EXTRACTED INFORMATION:
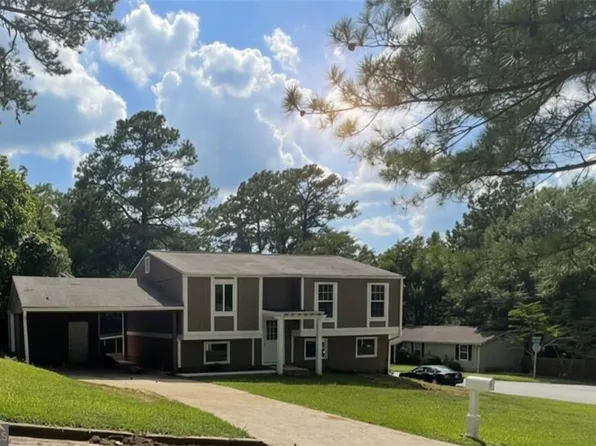 4941 Isle Royal Ct, Stone Mountain, GA 30088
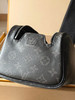 春夏特惠💰560 原单LV M46354黑花/44494 头层皮
本款 Dopp Kit 盥洗袋 商品缩略图8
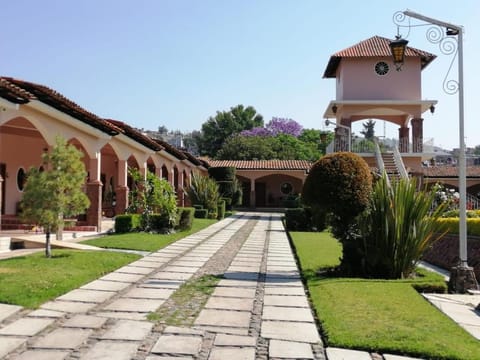 Property building, Patio, Facade/entrance, Garden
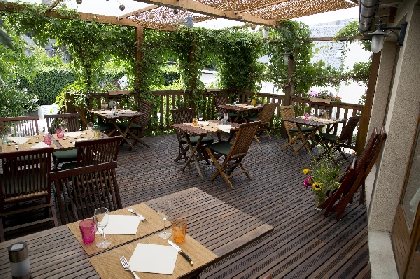 Auberge Saint Fleuret - Terrasse du restaurant, Auberge Saint Fleuret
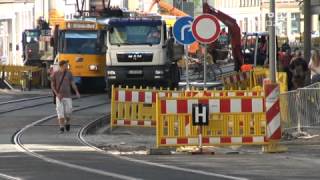 Lützner Straße wieder frei für Straßenbahnen 03092012 [upl. by Fotzsyzrk]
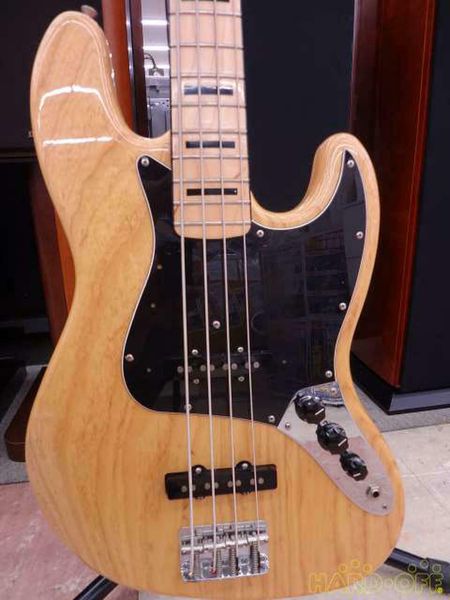 

vintage jazz bass type electric guitar same of the pictures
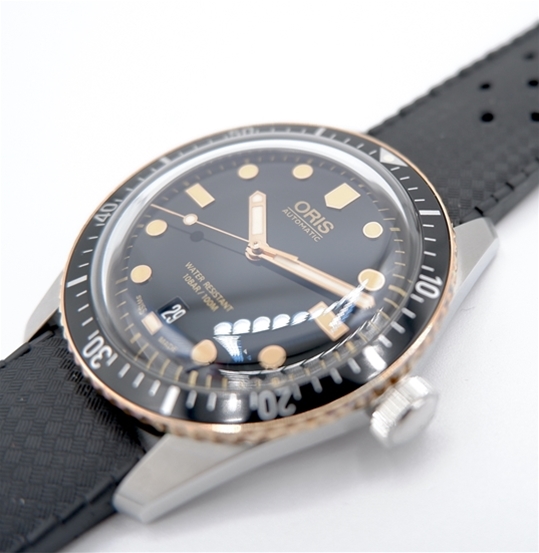 Divers Sixty-Five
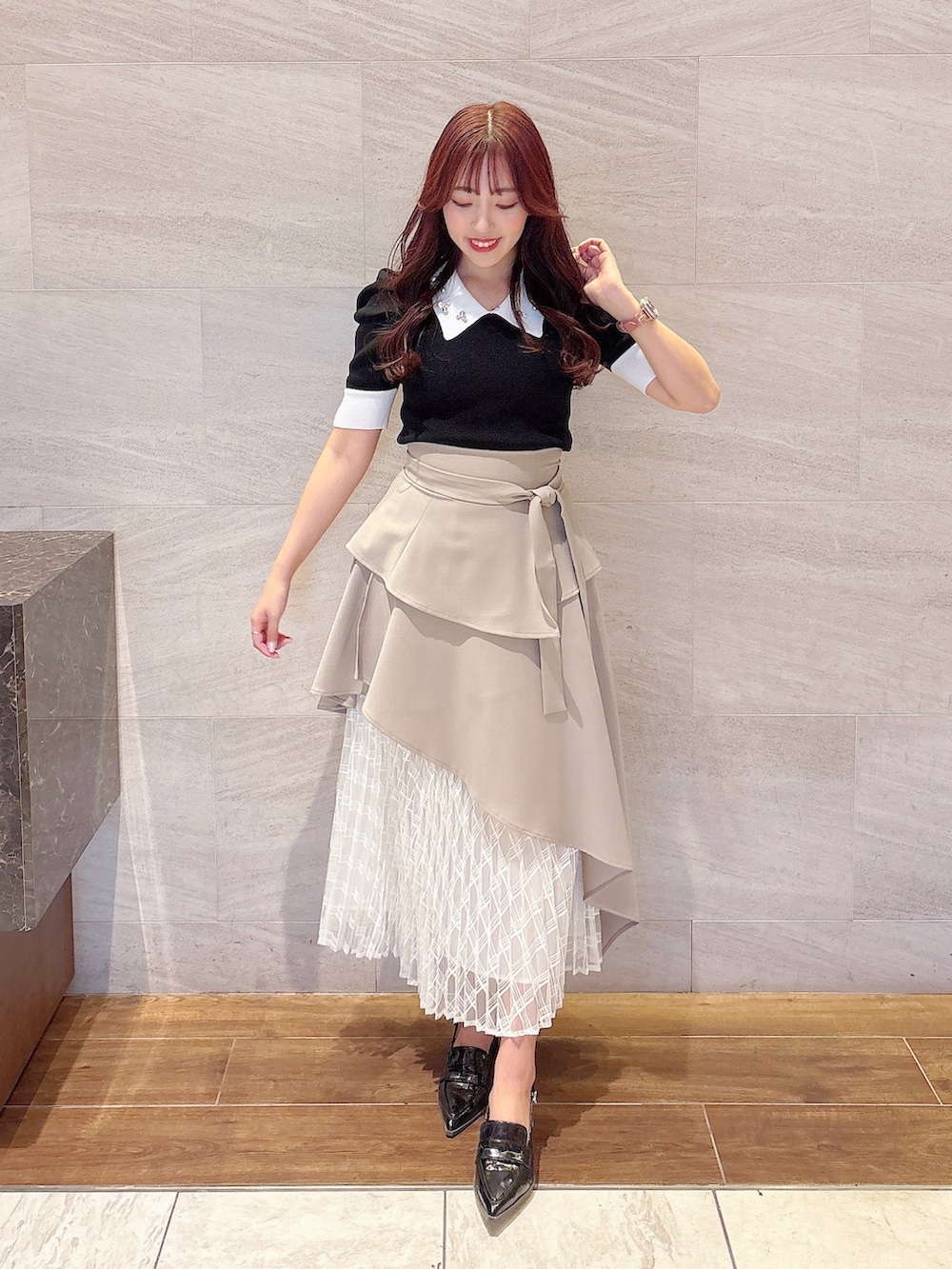 ベージュ系のスカート、その他のニット/セーター、ブラック系のローファーを着用したレディースの春コーディネートの3枚目の写真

DESCRIPTION OF THE TASK: Exactly repeat only the lines from the one with "Divers Sixty-Five" to the closing line above, both included, and omit every picture.

EXERCISE RESULT:
 Divers Sixty-Five
 ベージュ系のスカート、その他のニット/セーター、ブラック系のローファーを着用したレディースの春コーディネートの3枚目の写真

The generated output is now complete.